Face à la pression de la notoriété et la course aux étoiles, plusieurs grands chefs jettent l'éponge, abandonnant leur restaurant ou s'éloignant un temps à l'instar de l'Espagnol Ferran Adria, qui a annoncé la fermeture provisoire de son restaurant El Bulli.

Pape de la cuisine avant-gardiste espagnole, le chef catalan, dont la cuisine «moléculaire» a fait couler beaucoup d'encre, avait acquis trois étoiles au guide Michelin.

Il a fait part de sa lassitude de devoir travailler 15 heures par jour: «C'est comme si on demandait à Galliano (le grand couturier britannique, ndlr) d'aller à l'usine». Il a annoncé la fermeture provisoire de son restaurant en 2012 et 2013, le temps de se ressourcer.

Une nouvelle qui ne surprend pas Patrick Jeffroy, deux étoiles au Michelin, dont le restaurant se trouve à Carantec (Finistère, France), et qui raconte avoir eu «plaisir à rencontrer ce créateur fantastique il y a 12 ans».

«Mais plus que la pression des étoiles, c'est ce tourbillon dans lequel on est aspiré, pour faire toujours mieux, pour ne jamais décevoir le public, qui est pesant.
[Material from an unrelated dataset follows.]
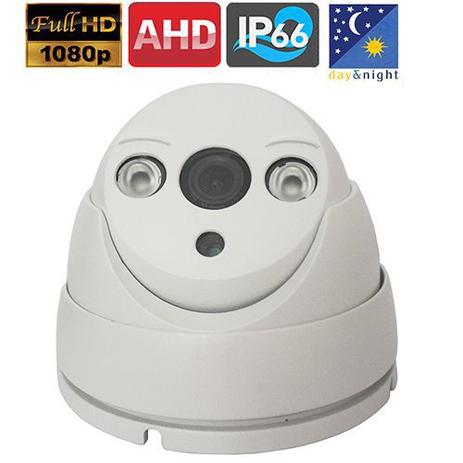 Câmera de Segurança Dome AHD 1080p Alta Resolução IP66 Blindada Externa 2MP - Playshop eletrônicos Menor preço em Câmera de Segurança Dome AHD 1080p Alta Resolução IP66 Blindada Externa 2MP - Playshop eletrônicos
C'est 18 heures par jour, midi et soir, le dérapage qui peut arriver très vite en cuisine...On est responsable de toute la chaîne...Quand c'est raté, on est atteint.», confesse-t-il.

«Je lui tire mon chapeau, il a créé une cuisine qui a révolutionné le XXIème siècle, même si je n'y ai jamais vraiment adhéré, préférant croquer et manger les produits», raconte le chef breton, 42 ans d'expérience en cuisine à son actif et qui dit «ne pas pouvoir imaginer» d'arrêter son activité.

Avant Ferran Adria pourtant, plusieurs autres grands chefs ont préféré renoncer à la course aux étoiles.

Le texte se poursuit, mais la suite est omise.